*** AVAILABLE DATA ***

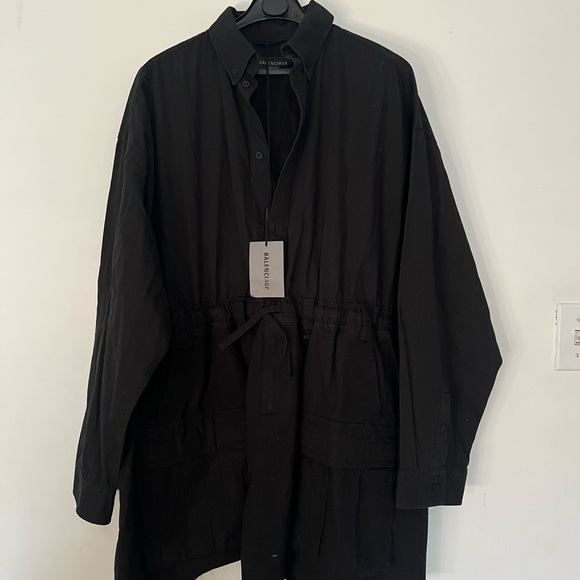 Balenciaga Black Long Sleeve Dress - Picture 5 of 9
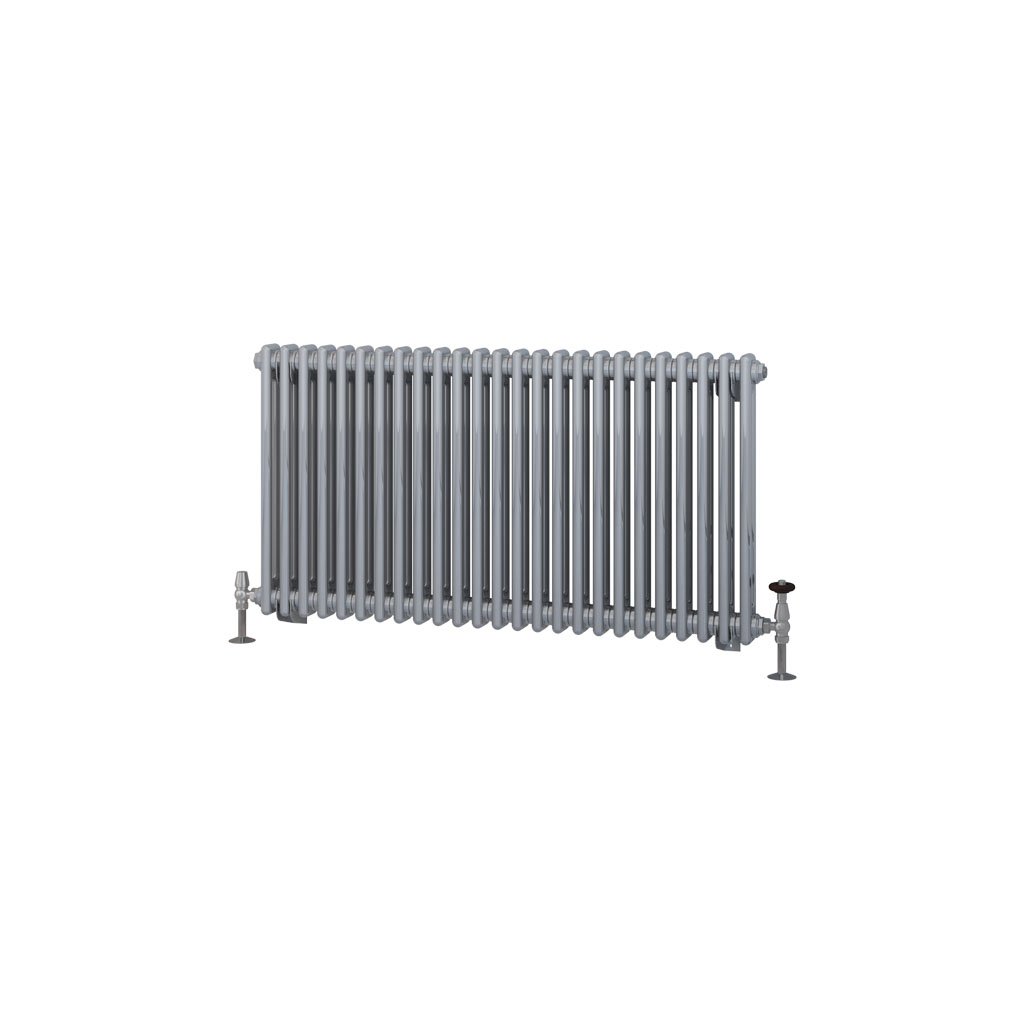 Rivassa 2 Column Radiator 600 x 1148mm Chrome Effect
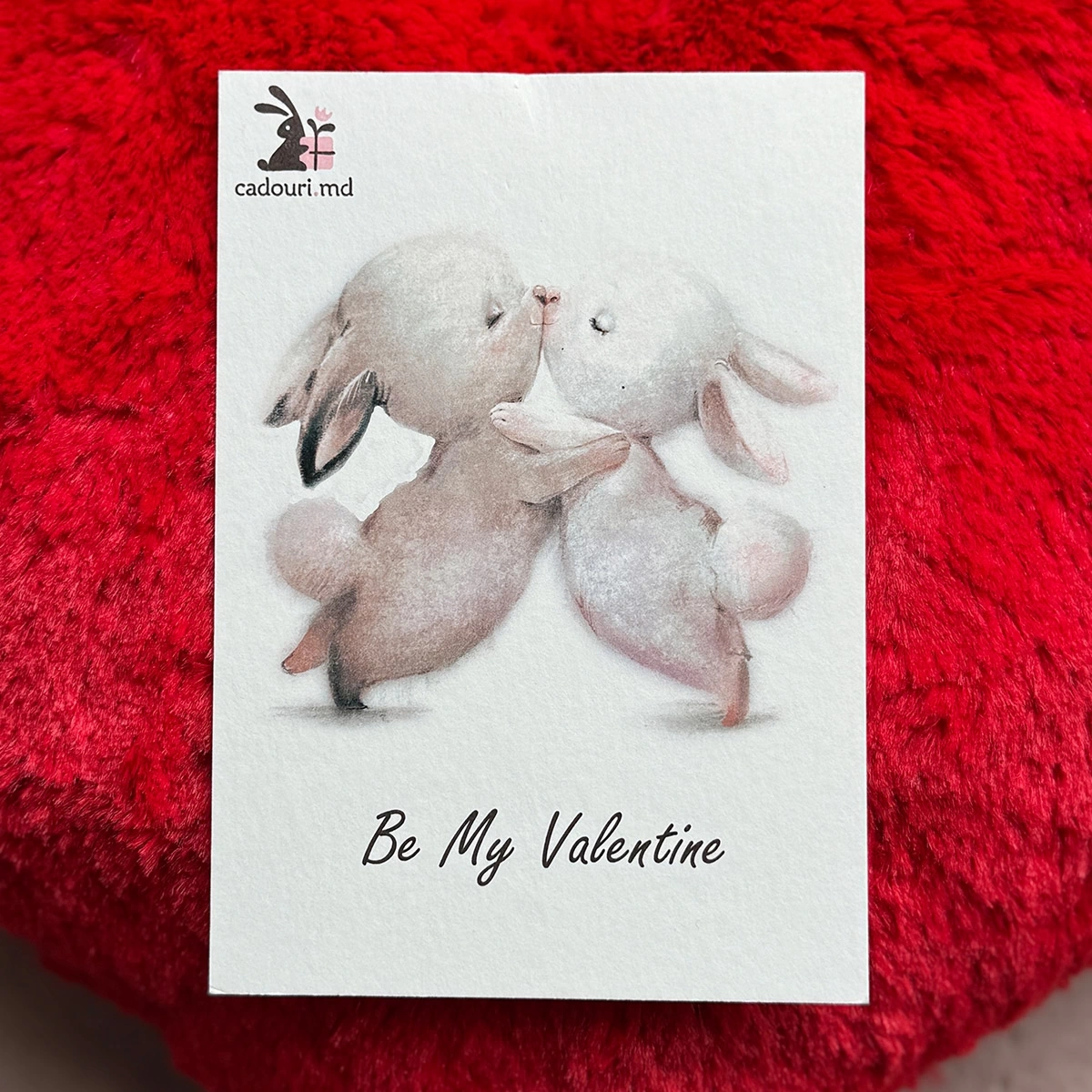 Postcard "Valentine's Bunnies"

***

- WHAT THE EXERCISE ASKS: Your answer must contain the full data, repeated exactly, without pictures.

- EXERCISE SOLUTION:
 Balenciaga Black Long Sleeve Dress - Picture 5 of 9
 Rivassa 2 Column Radiator 600 x 1148mm Chrome Effect
 Postcard "Valentine's Bunnies"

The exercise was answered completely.